### Your task
Repeat each line of the material below exactly as it appears, minus any pictures.
--- Provided material ---
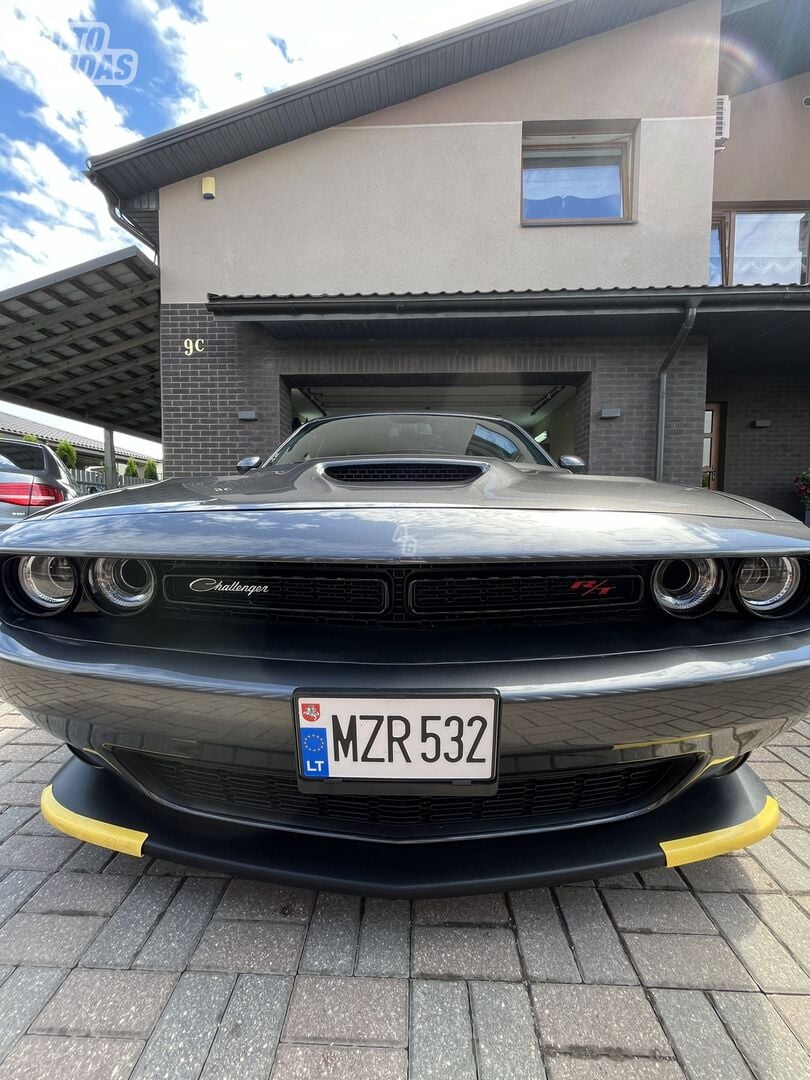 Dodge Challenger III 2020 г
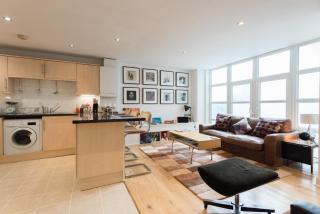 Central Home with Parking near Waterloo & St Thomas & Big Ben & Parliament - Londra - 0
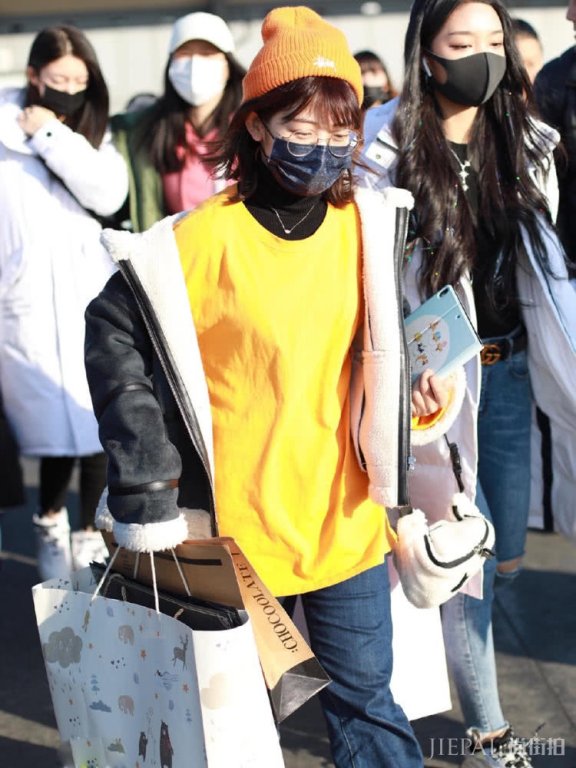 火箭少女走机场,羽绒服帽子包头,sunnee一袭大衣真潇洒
---
### Result of the exercise
 Dodge Challenger III 2020 г
 Central Home with Parking near Waterloo & St Thomas & Big Ben & Parliament - Londra - 0
 火箭少女走机场,羽绒服帽子包头,sunnee一袭大衣真潇洒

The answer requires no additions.